Priti Patel’s immigration ruling brings a sad new dawn to small-level music relations with Europe. Touring in the continent is as natural to any successful new artist. Cultural we are close, Geographically we are closer.
The reality of our harsh new rule is anyone from the EU wishing to perform in the UK must:
- Apply for a visa to enter the UK, at a cost of £244 for each group member
- Provide proof, 90 days before applying, that they have almost £1,000 in savings and so can support themselves, unless they are “A-rated”;
- Provide a certificate of sponsorship from an event organiser – who must take responsibility for them – or a letter of invitation in some circumstances.
With this comes the collapse of musical communities and further troubles for already struggling small music venues. We, as a musical community, rely on Europe as a touring market. Just last year alone the industry was worth £111bn a year to the economy. It is the natural stepping stone to stardom for a successful new band and the perfect advert of our nations cultural capability. This ruling is a backward step. Heck, it is a prehistoric step. One ponders whether the current government even wants culture to thrive, should we all be incoherent robots who lack inquisition? Mere tools for austerity and economical stat boosting?
This is, of course, British policy. However, as negotiations grow uglier, one must assume that such a ruling will be reciprocated. Remember when former culture minister Nigel Adams suggested that the creative industries would be protected post-Brexit? Well, never trust a politician I say!
I want to find anger and irritation in the thought of Priti Patel and Boris Johnson joyously celebrating an immigration policy not seen since the pre-histories. But somehow, when I close my eyes and picture the true beneficiaries of this travesty I see the executives of global (yes global, not British) record and touring companies. It is they, and their artists at the upper end of the touring spectrum, who profit most from this.
Brexit as a concept is just as much about securing the financial exclusiveness of the 1% as it is leaving the European Union. Companies such as EMI, Sony Records, AEG, Warner and Live Nation already hold a monopoly over western music. The big company will want more. With the bottom half of the industry cut-off from the European touring sector, it will be the majors who enter the market it leaves behind. Less musical choice gives them more of an ability to cherry pick the artists they want to push, and force it down your helpless ear-holes. Yet another nail in the coffin of mainstream individuality. This is, in reality, a coup.

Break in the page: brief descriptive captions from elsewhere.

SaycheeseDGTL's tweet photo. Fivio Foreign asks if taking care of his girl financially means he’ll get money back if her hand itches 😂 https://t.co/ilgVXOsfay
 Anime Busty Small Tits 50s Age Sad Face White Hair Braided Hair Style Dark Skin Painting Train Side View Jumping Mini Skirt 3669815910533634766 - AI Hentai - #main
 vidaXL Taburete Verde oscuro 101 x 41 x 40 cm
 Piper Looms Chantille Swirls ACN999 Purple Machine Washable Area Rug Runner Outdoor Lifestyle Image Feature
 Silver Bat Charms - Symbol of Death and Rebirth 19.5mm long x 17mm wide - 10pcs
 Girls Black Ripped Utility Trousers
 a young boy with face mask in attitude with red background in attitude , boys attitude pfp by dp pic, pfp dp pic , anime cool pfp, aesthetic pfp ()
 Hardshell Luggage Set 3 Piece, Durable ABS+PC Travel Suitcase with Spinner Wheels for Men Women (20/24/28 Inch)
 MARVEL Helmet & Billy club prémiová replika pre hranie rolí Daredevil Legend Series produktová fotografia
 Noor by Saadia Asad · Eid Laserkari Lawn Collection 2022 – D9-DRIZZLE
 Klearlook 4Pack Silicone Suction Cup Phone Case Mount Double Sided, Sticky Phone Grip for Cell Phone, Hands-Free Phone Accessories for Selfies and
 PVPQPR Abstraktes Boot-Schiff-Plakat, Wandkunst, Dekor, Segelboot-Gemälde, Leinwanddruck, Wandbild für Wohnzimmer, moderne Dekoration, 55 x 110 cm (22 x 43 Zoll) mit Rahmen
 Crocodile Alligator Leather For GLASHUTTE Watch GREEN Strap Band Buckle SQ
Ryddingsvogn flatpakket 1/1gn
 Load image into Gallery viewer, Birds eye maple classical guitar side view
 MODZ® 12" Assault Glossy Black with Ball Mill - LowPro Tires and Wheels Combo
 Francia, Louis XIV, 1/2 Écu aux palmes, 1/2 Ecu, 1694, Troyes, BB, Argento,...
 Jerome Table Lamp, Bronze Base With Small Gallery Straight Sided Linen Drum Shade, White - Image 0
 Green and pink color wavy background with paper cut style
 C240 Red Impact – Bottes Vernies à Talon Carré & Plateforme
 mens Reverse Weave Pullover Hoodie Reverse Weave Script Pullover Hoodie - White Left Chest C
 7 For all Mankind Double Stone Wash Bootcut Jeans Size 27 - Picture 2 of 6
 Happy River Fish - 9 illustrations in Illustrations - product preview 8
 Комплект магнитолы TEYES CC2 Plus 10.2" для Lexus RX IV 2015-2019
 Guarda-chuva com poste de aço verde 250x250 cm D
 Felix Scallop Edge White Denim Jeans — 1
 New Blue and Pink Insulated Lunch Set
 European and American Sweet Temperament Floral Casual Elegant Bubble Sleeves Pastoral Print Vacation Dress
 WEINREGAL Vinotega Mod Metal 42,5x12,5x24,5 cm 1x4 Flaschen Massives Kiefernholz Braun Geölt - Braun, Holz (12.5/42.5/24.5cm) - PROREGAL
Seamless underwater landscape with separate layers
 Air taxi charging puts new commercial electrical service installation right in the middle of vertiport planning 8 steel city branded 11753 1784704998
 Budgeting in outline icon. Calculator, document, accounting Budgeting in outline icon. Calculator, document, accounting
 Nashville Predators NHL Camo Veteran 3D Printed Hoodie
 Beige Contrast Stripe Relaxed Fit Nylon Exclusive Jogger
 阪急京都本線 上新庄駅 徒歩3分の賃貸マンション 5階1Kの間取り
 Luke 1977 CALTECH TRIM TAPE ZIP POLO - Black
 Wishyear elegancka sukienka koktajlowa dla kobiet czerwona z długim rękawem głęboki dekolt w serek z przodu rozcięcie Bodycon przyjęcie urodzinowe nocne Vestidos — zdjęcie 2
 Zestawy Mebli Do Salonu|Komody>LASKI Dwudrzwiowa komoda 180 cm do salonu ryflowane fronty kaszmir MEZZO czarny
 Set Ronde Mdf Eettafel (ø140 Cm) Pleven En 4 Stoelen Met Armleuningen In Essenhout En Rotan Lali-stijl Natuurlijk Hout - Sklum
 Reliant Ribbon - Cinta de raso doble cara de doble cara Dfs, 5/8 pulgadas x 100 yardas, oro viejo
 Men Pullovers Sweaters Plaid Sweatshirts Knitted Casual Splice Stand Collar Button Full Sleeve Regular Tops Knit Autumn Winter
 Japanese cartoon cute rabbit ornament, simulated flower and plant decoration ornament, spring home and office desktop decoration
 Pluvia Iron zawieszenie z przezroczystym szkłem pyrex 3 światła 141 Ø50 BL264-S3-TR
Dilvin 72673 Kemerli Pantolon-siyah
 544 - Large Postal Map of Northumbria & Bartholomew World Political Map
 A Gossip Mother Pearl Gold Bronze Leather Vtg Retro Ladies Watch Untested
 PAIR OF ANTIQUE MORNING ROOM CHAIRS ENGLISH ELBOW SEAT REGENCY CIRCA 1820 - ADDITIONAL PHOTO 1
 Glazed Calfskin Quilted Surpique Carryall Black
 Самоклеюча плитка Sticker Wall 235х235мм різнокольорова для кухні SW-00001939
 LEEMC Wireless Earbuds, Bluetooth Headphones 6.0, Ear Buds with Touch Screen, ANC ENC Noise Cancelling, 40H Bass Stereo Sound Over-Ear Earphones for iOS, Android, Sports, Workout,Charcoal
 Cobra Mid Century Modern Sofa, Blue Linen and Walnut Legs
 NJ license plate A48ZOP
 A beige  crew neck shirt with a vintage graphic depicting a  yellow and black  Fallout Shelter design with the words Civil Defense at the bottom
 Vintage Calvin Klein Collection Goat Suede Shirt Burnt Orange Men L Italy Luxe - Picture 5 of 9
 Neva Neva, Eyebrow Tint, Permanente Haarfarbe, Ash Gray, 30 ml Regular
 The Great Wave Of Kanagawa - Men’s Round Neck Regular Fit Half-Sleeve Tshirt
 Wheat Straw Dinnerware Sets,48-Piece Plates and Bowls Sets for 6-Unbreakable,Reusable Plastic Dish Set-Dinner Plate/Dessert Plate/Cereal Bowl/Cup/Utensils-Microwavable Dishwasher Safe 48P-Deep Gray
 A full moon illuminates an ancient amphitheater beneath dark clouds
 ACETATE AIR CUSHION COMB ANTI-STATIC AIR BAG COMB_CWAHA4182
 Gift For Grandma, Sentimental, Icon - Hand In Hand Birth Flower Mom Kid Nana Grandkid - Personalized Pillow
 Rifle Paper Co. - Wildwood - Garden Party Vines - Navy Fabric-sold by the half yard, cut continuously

Some commentators suggest: why should the rules for Europe be any different. Non-EU artists do just fine, right? Here’s a question: how many American/Australian/Chinese/Japanese (delete as applicable) bands have broke the UK without mainstream investment? Nada, zilch. Why? Geography… Travelling Europe on a shoestring budget is tough, but do-able. Travelling Europe on the same budget, but with added visas and touring licences in the mix. For the working class artists this is all but impossible. Governments do love a bit of class cleansing. Oh, and another win for the major labels, right!
What happens now? In truth, the future of European touring is dismal, much like touring America/South America/Asia is for new bands currently. Our country has no real funding mechanism in place for upcoming musicians to tour the world, no doubt extending to the EU post transition period. Most European governments do but not ours, ours is yet to grasp the meaning of the word culture.
Brexit is a watershed moment for Britain. It has always been about protecting the 1%. For music and culture, the forecasts bring grim reading.
Peter Doherty & The Puta Madres – A conglomeration of EU and world nationals. Brexit threatens to rip this band apart. It’s togetherness and diversity make it special, a unique mixture of inspiration.
The Jacques – A band who have relentlessly toured France and the rest of the continent. They see European crowds as more receptive to the unknown. If the EU reciprocate this ruling, which is most likely, such tours would not have happened.